A report by Her Majesty’s Inspectorate of Constabulary and Fire & Rescue Services in 2015 entitled Targeting the Risk warned of the danger of tragedies because of “fundamental gaps” in licensing in England and Wales. It recommended a package of reforms including statutory guidance for police forces and independent scrutiny of decisions.

The report’s authors were pessimistic that any of the recommendations would be implemented. They warned: “What is highly likely is that, if change is not effected, there will be another tragedy.” Last August, when Davison went on his rampage, the key recommendation of the report for statutory national guidance of firearms licensing was still not in place.

It emerged after the fatal shootings that Davison’s shotgun and certificate had been seized by police in December 2020 after he allegedly assaulted two youths in a park in the city. The weapon and certificate were returned to him the month before the killings after he reportedly attended an anger management course.

Police also failed to check his social media accounts, which would have revealed his misogynistic and homophobic views and his presence in online forums for “incels” (men describing themselves as “involuntary celibates”). He compared himself in one YouTube video to the cyborg killer played by Arnold Schwarzenegger in the Terminator films.
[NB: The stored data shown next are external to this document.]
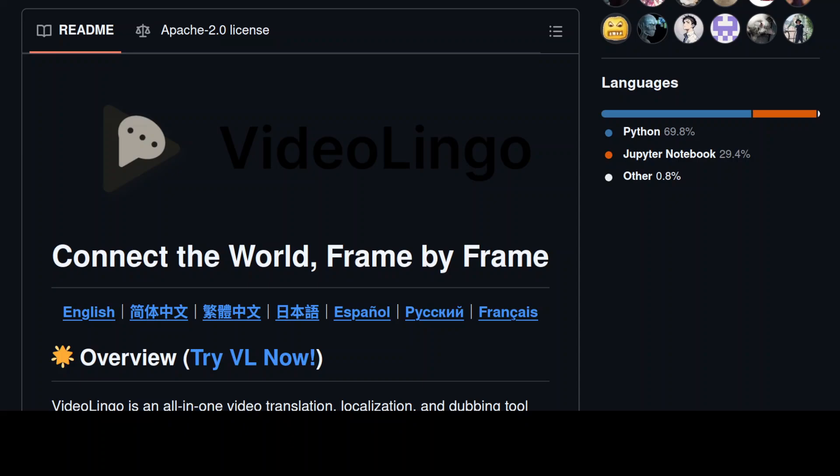Hi everyone, this is Fahad Mirza and I welcome you to the channel. In this video I'm going to show you how you can locally install this dubbing tool with AI, VideoLingo. Now we can install this tool locally but it doesn't really work with local models properly.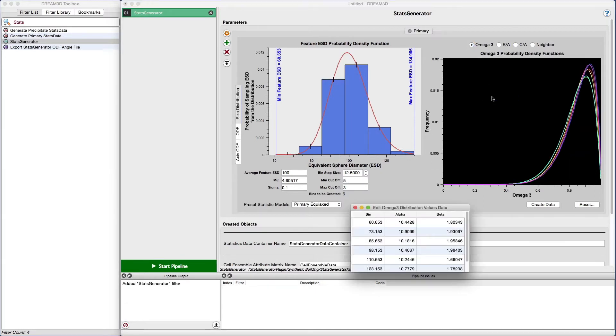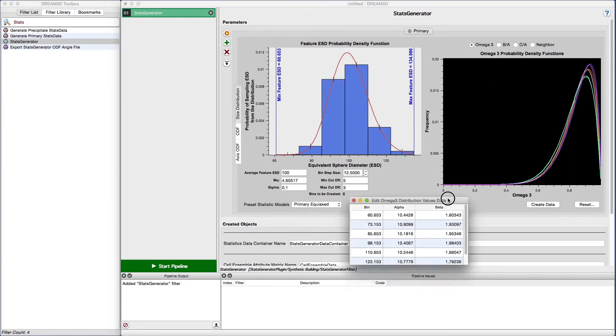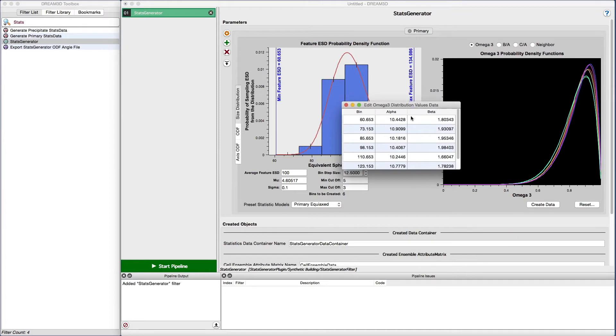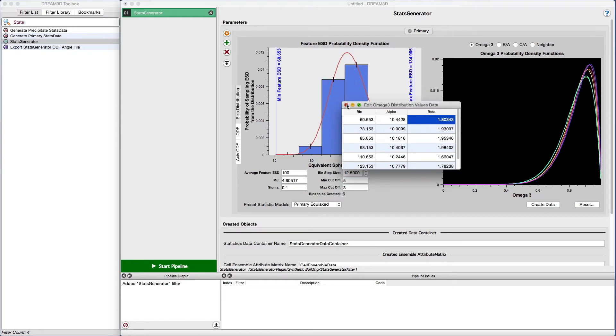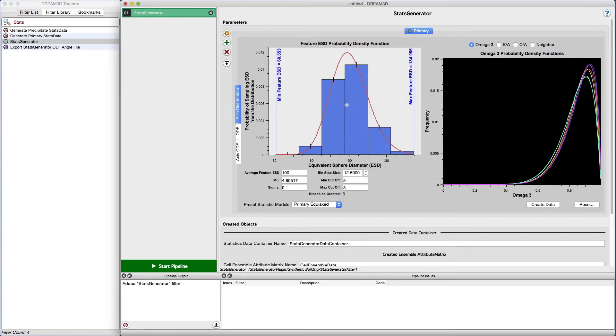If you want to manually adjust any of the distributions, you can right click anywhere on the plot and select edit data. This will present you with a small spreadsheet style input where you can adjust your values. Note that once you do this, you cannot go back and adjust anything on the feature size distribution area.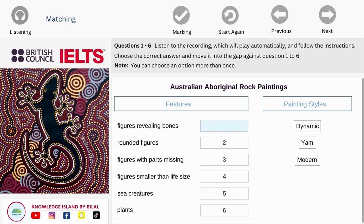Good morning, everyone. I've been invited to talk about my research project into Australian Aboriginal rock paintings. The Australian Aborigines have recorded both real and symbolic images of their time on rock walls for many thousands of years. Throughout the long history of this tradition, new images have appeared and new painting styles have developed, and these characteristics can be used to categorise the different artistic styles. Among these are what we call the dynamic, yam and modern styles of painting.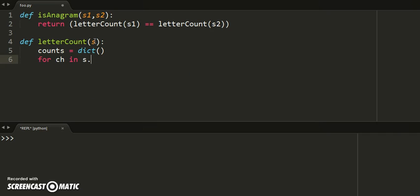we'll make it uppercase for simplicity. Uppercase of anything that's not a letter is just going to be the same thing, so we're okay with that.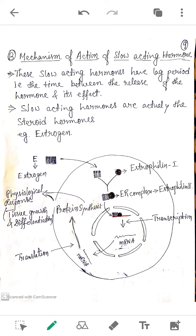The example we are going to discuss today is the estrogen hormone. We will see how it works and the mechanism of action of estrogen in detail.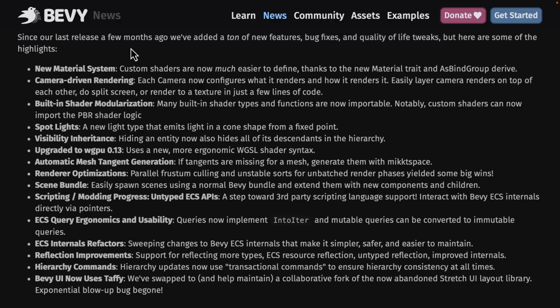Every camera is now in charge of what it sees and how it renders it. There are things that go with that to make it easier to work with, such as a simple split screen property. This is probably the biggest new feature of Bevy 0.8 — that new camera re-architecture. It has a lot of trickle-down effects, and if you read the full release notes you're going to see exactly what that brings.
The firearms licensing department at Devon and Cornwall Police, which was responsible for granting the shotgun certificate to Davison, is under investigation by the Independent Office for Police Conduct. Three employees have been served disciplinary notices warning them their conduct is being scrutinised. The inquests into the people killed by Davison were formally opened last August.
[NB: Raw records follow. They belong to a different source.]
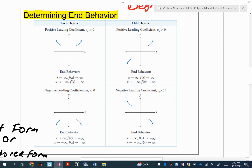Here's the hard part — it has to do with the leading coefficient. If your leading coefficient is positive, you go from bottom left to top right. If you have a negative leading coefficient, you go from top left to bottom right. For even degree: positive leading coefficient means both arrows go up; negative means both go down.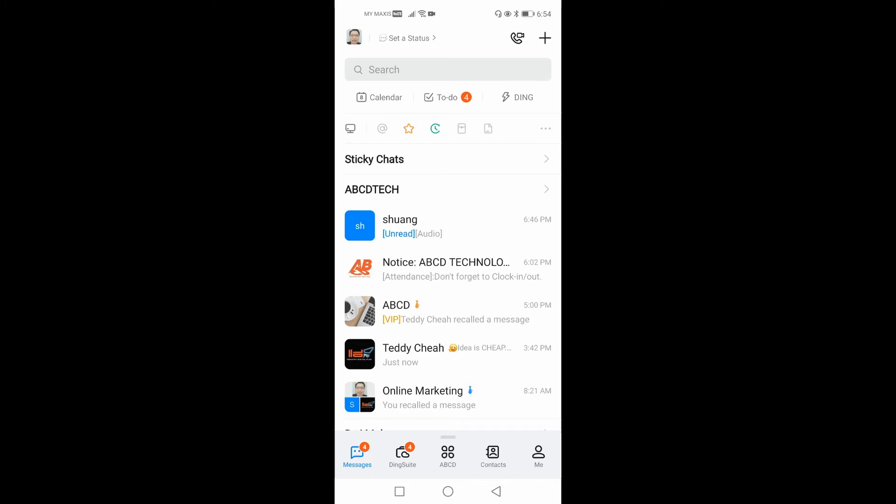Hi everyone, my name is Kenneth Chu from ABCD Technology. Today I would like to share with you guys how to use the DingTalk project function to create a new project using your mobile.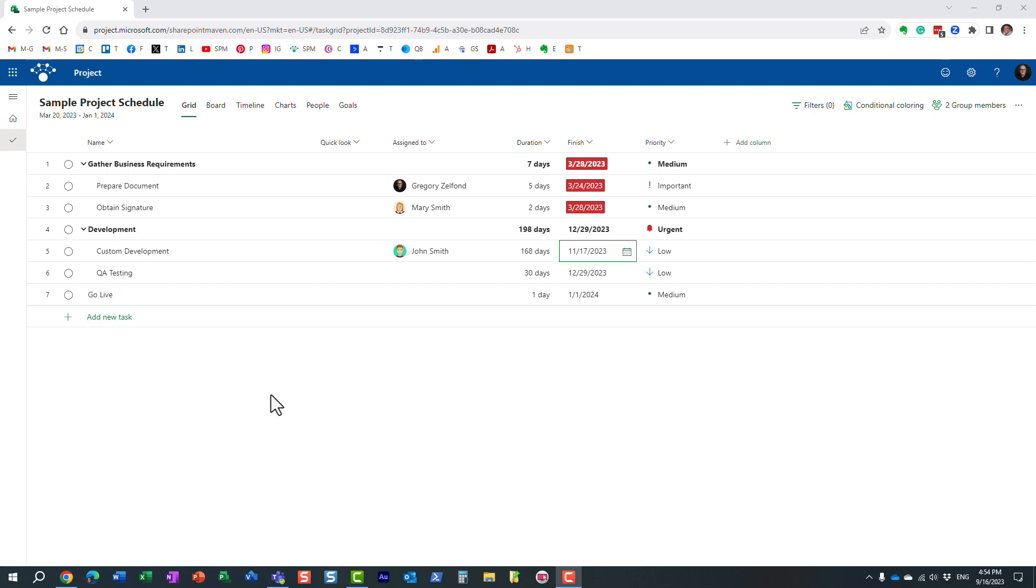Hello, this is Greg from SharePoint Maven, and in today's video I would like to show you how you can set up conditional formatting in Project for the Web.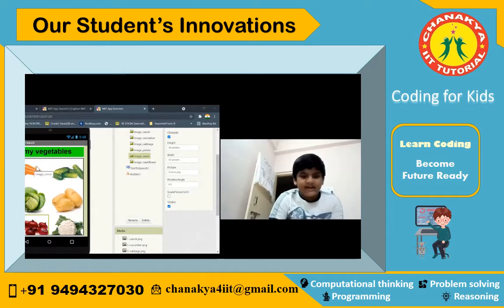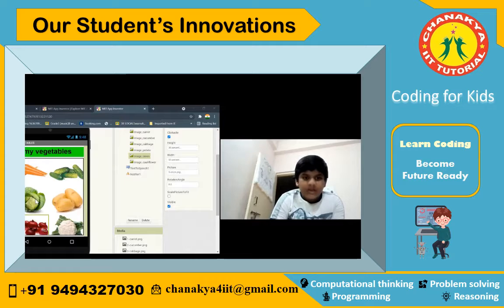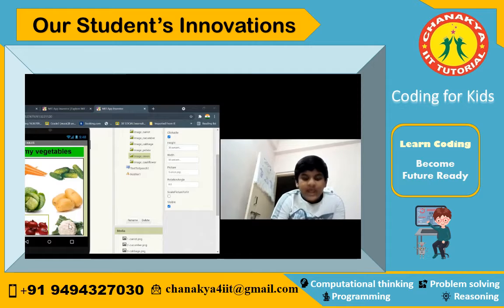This is carrot, and this is cucumber. The vegetables in this app are: carrot, cucumber, cabbage, potato, onion, and cauliflower.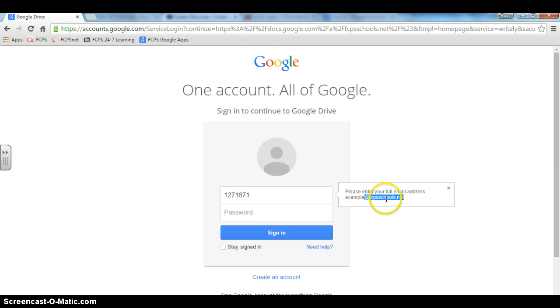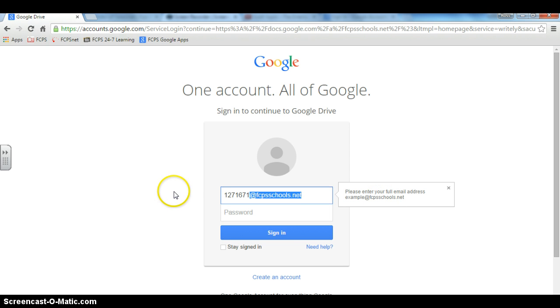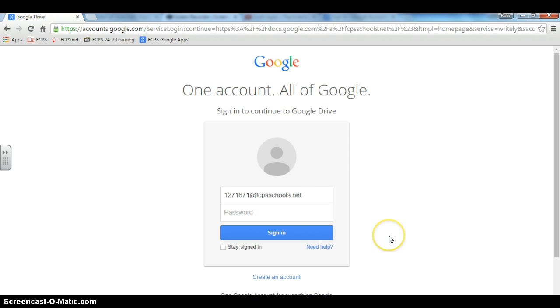Once it's highlighted, I'm going to click and drag and move it over to the email box. Now there's no more spelling mistakes. And your access to FCPS Google Apps for Education just got a whole lot easier. Hope you enjoy this tip.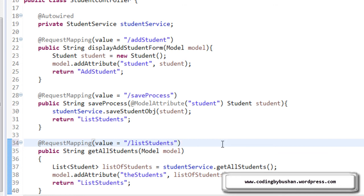So, now we have completed our controller part. In our next lecture, let's design our list students JSP and display the data in that page. So, thank you so much for watching this video. I will see you in the next video.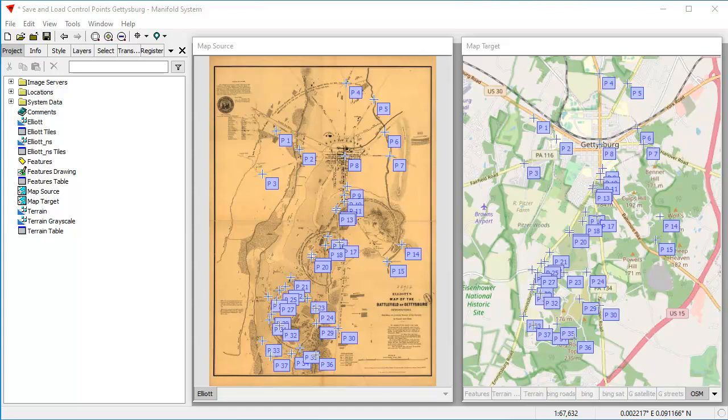Hi, everybody. Welcome to the Manifold channel. Today we're going to take a look at saving and loading control points, which is something that we want to do frequently when we're geo-registering, say, a scan paper map to a known good target reference.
New statutory guidance for licensing came into force last November, but campaigners want to see a thorough review of practices and more wide-reaching reforms. People in Plymouth also want a review of rules which permit pump-action shotguns, the type of weapon Davison owned, to be kept in residential areas.
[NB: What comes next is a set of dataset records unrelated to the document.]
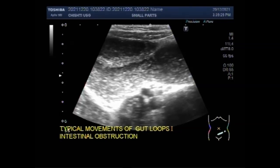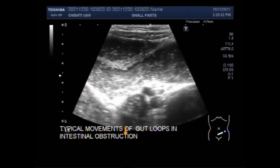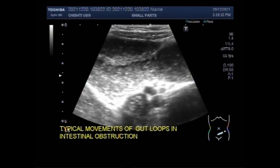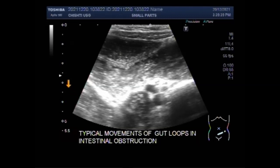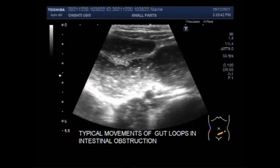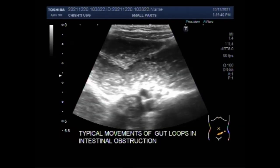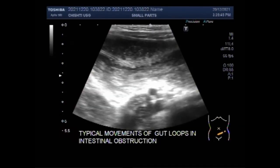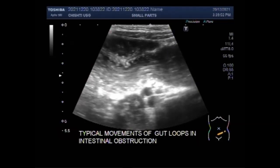Typical to and fro movements of the intestinal contents are seen because there is obstruction. The intestinal contents cannot pass further downwards and they come back, so to and fro movements of the intestinal contents are seen.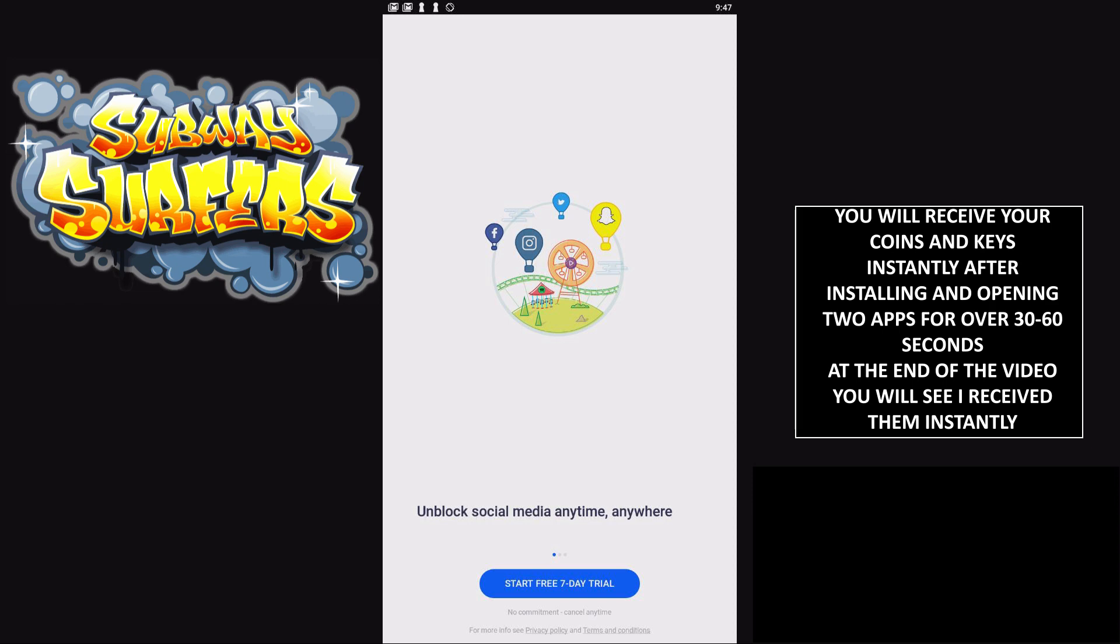I'll even show you at the end of the video proof that this actually does work. I made an alternate account just to test and make a video on this. If you stay tuned to the end, you'll see that I actually do get the free coins and keys after completing the verification.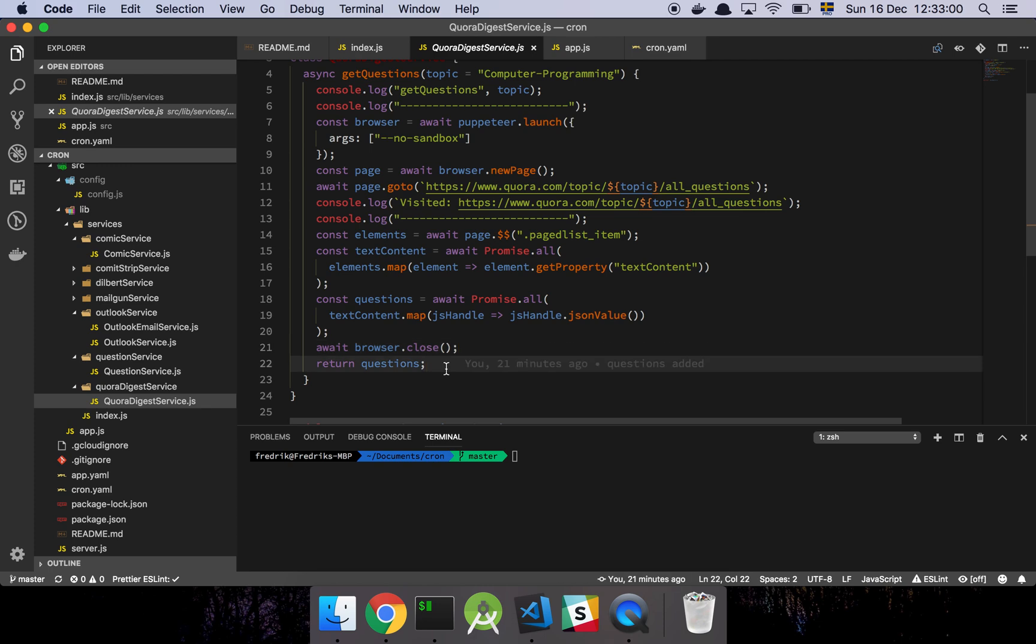And that's pretty much it. So now we have an automated way of getting different programming questions. I hope you found this useful. Have a great day.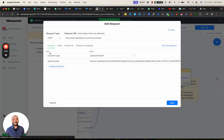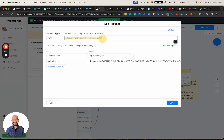Basically, your request is going to be POST — this is going to be the address for adding a new contact. You definitely want to add these two headers: Content-Type needs to be application/JSON, and the other key needs to be Authorization Bearer, and it's going to be your long API key that you need to put there.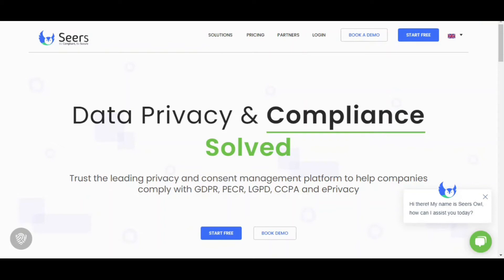Hello, here is Sears, a complete consent management platform with world's leading cookie consent banners, designed to help businesses meet their GDPR, CCPA and LGPD obligations.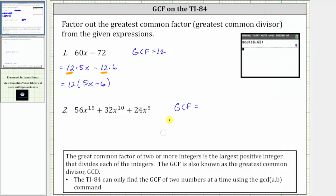Eight is part of the GCF. Now looking at the variable factors: the first term has 15 factors of x, the second term has 10 factors of x, and the third term has 5 factors of x. They all have five factors of x in common, and therefore x to the fifth is also part of the greatest common factor.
The Home Office said: “Following the tragic incident in Plymouth, the home secretary asked all police forces to urgently review their firearms licensing practices. The returns provided reassurance that the police have in place robust processes for issuing and reviewing firearms and shotgun licences. We have been clear that we will update the statutory guidance for firearms licensing should there be lessons learned from this case. But the UK has some of the toughest firearms laws in the world and while we are not complacent about these high standards, thankfully such incidents are rare.

“Firearms licensing is an operational matter for individual police forces. Some applications for firearm certificates are inevitably being affected by the Covid-19 pandemic, but normal procedures are being maintained as far as possible.”

The National Police Chiefs Council said: “Policing takes the matter of firearm licensing incredibly seriously. Individual forces are responsible for issuing firearms certificates, and will only do so after their application has been assessed by a dedicated team of experts, a robust process of background checks is completed, and the individual meets criteria set out in the Home Office’s national legislation.”